Kala P et al. – In a consecutive AMI population, the older group (>65 years) was associated with a less pronounced impact of risk factors on long–term outcome. To ascertain the coronary anatomy by coronary angiography and proceed to PCI if suitable regardless of age is crucial in all patients, though the primary success rate of PCI in the older age is lower. Age, when viewed as a risk factor, was a dominant discriminating factor in all patients.Methods
- Retrospective multicenter analysis of 3814 consecutive acute myocardial infarction patients divided into two groups according to age (1800 patients [less than or equal to] 65 years and 2014 patients > 65 years).
- Significantly more older patients had a history of diabetes mellitus and previous myocardial infarctions.
- The older population had a significantly lower rate of coronary angiographies (1726; 95.9% vs. 1860; 92.4%, p < 0.0001), PCI (1541; 85.6% vs. 1505; 74.7%, p < 0.001), achievement of optimal final TIMI flow 3 (1434; 79.7% vs. 1343; 66.7%, p < 0.001) and higher rate of unsuccessful reperfusion with final TIMI flow 0–1 (46; 2.6% vs. 78; 3.9%, p = 0.022).
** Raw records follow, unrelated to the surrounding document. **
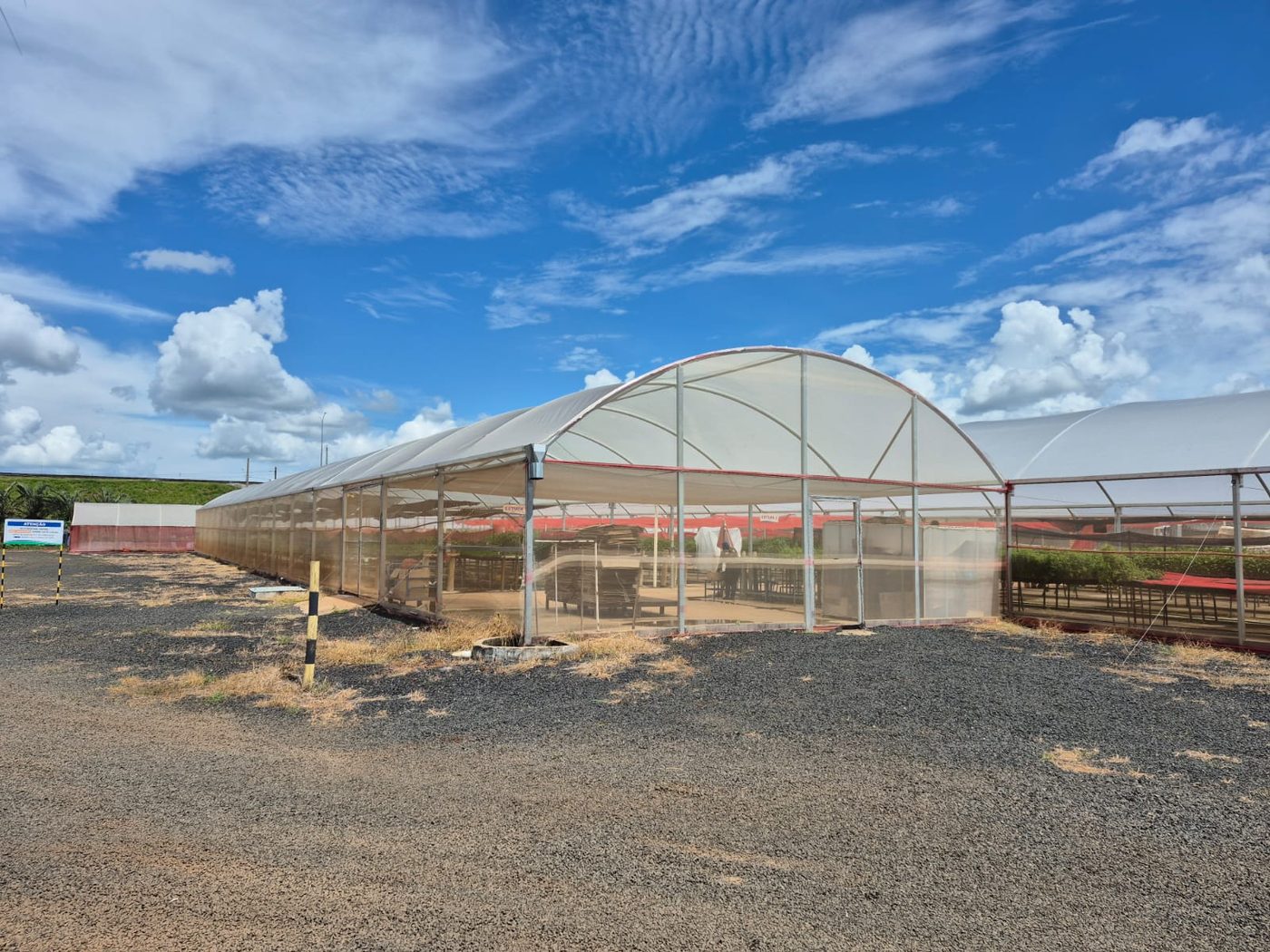 Estufa do Viveiro Flora Brasil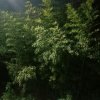 开心开心的头像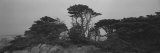 Trees on the Edge of a Cliff, Point Lobos State Reserve, California, USA Photographic Print by Panoramic Images 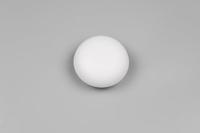 Trio Witte wandlampDavey Ø 15cm - R24431131 - thumbnail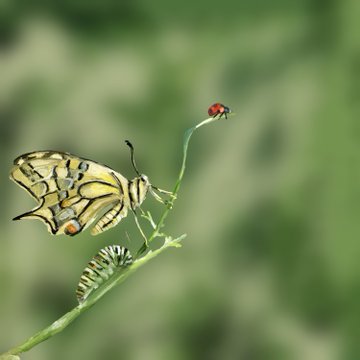 A close-up of a yellow and black swallowtail butterfly, a striped caterpillar, and a small ladybug on a green plant stem against a blurred background.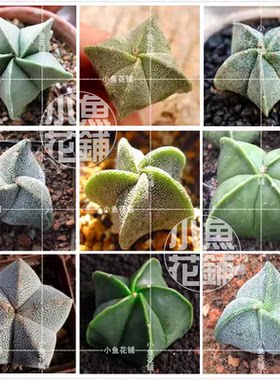 鸾凤玉混合种子 星球属仙人球稀有播种多肉myriostigma Mix Seeds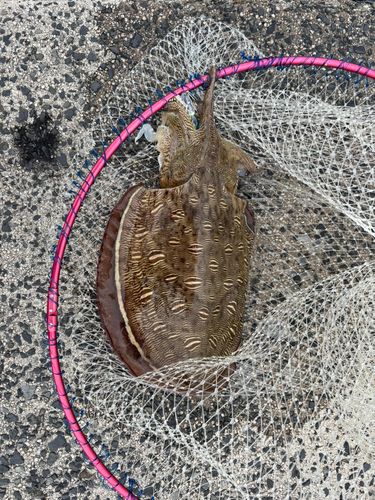 モンゴウイカの釣果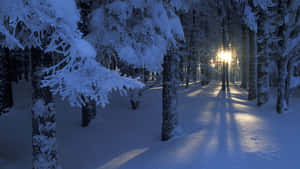 夜晚被發光路燈照亮的雪地森林小徑。 — 雪山 壁紙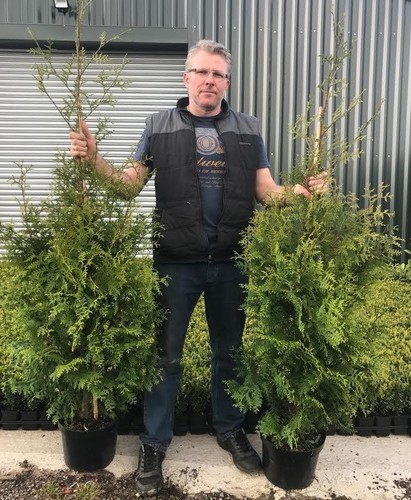 Thuja plicata gelderland - thuja,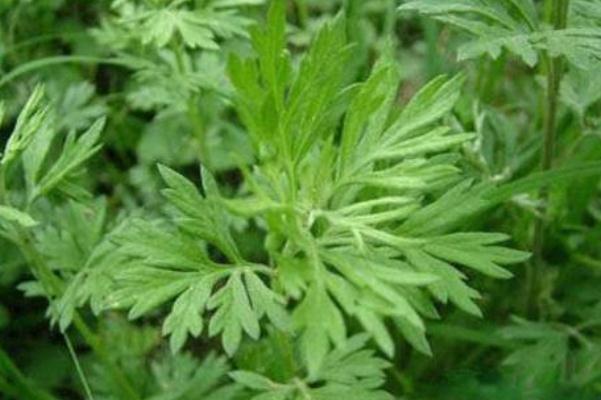 艾葉可以洗頭發(fā)嗎 煮艾葉水洗頭發(fā)功效 艾葉可以洗頭發(fā)嗎 煮艾葉水洗頭發(fā)功效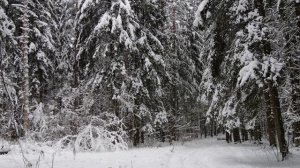 Снег падает в лесу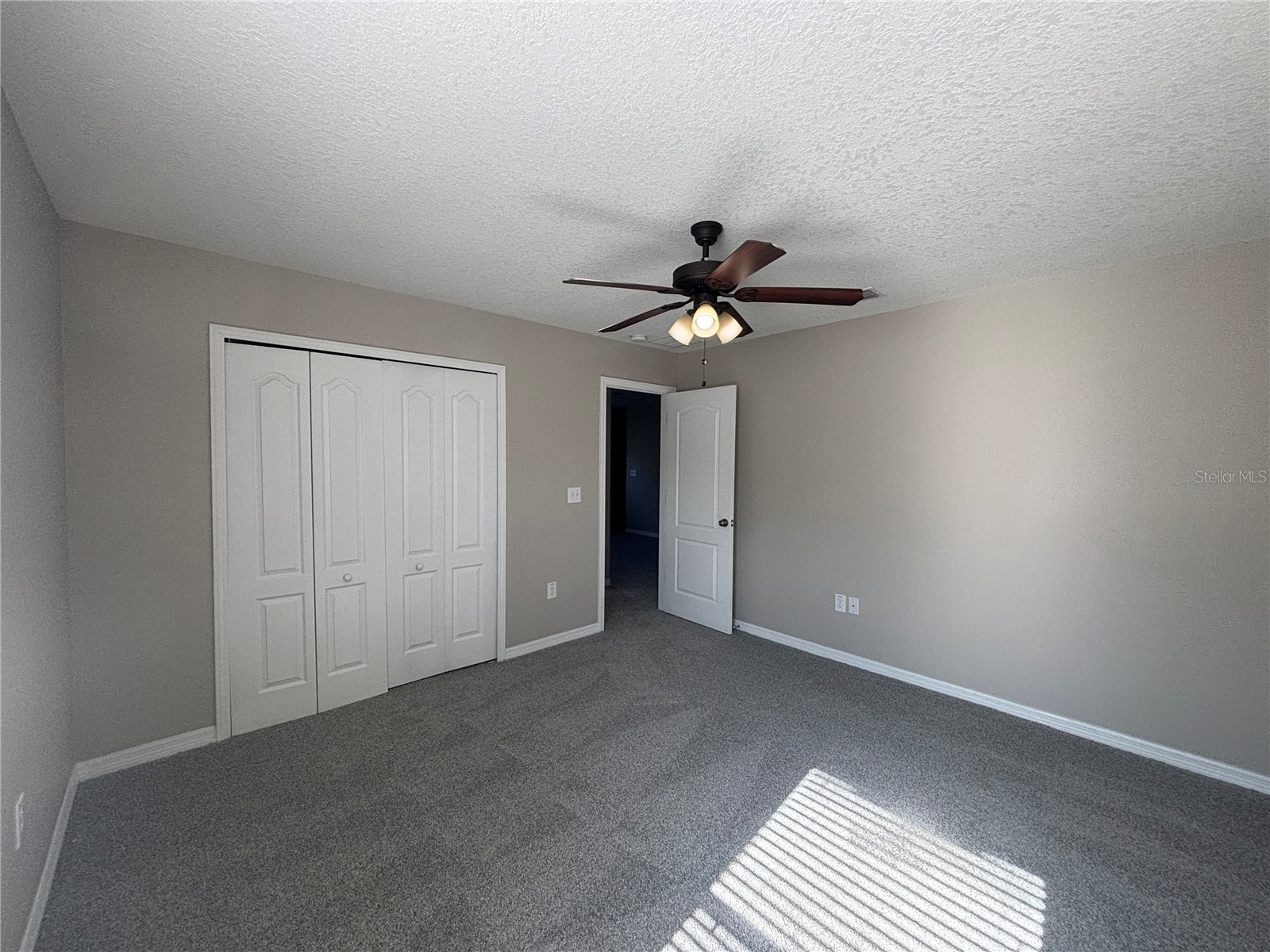 20014 Date Palm Way Tampa FL 33647 TB8488868 image19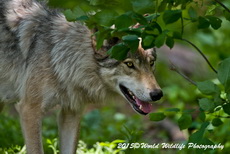 Timber Wolf Picture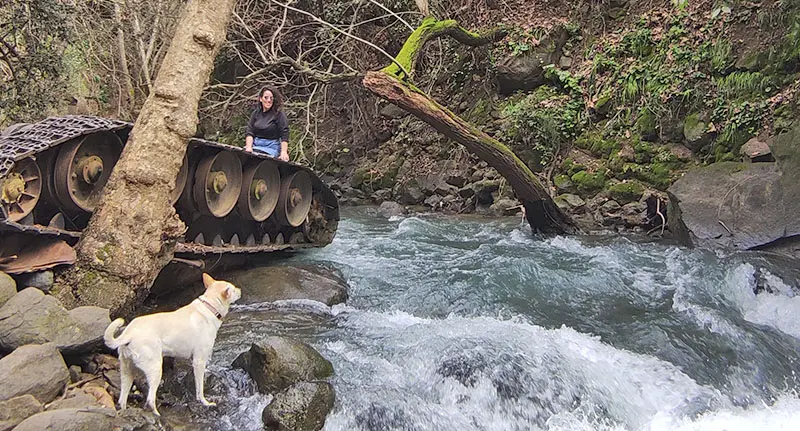 הטנק הסורי ההפוך בבניאס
- A total of 217 patients (5.7%) died during hospitalization, significantly more often in the older population (46; 2.6% vs. 171; 8.5%, p < 0.001).
- The long–term mortality (data for 2847 patients from 2 centers) was higher in the older population as well (5 years survival: 86.1% vs. 59.8%).
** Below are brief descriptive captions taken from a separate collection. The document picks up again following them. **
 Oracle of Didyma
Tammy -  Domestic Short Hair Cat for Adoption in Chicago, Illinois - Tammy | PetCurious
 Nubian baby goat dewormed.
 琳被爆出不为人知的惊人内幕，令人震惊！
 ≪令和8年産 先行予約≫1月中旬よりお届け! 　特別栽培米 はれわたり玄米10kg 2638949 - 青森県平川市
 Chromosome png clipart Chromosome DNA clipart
- Though not significantly different and in contrast with PCI, the presence of diabetes mellitus, previous MI, final TIMI flow and LAD, as the infarct–related artery, had relatively lower impact on the older patients.
- Severe heart failure on admission (Killip III–IV) was associated with the worst prognosis in the whole group of patients, though its significance was higher in the youngers (HR 6.04 vs. 3.14, p = 0.051 for Killip III and 12.24 vs. 5.65, p = 0.030 for Killip IV).
- Authors clearly demonstrated age as a strong discriminator for the whole population of AMI patients.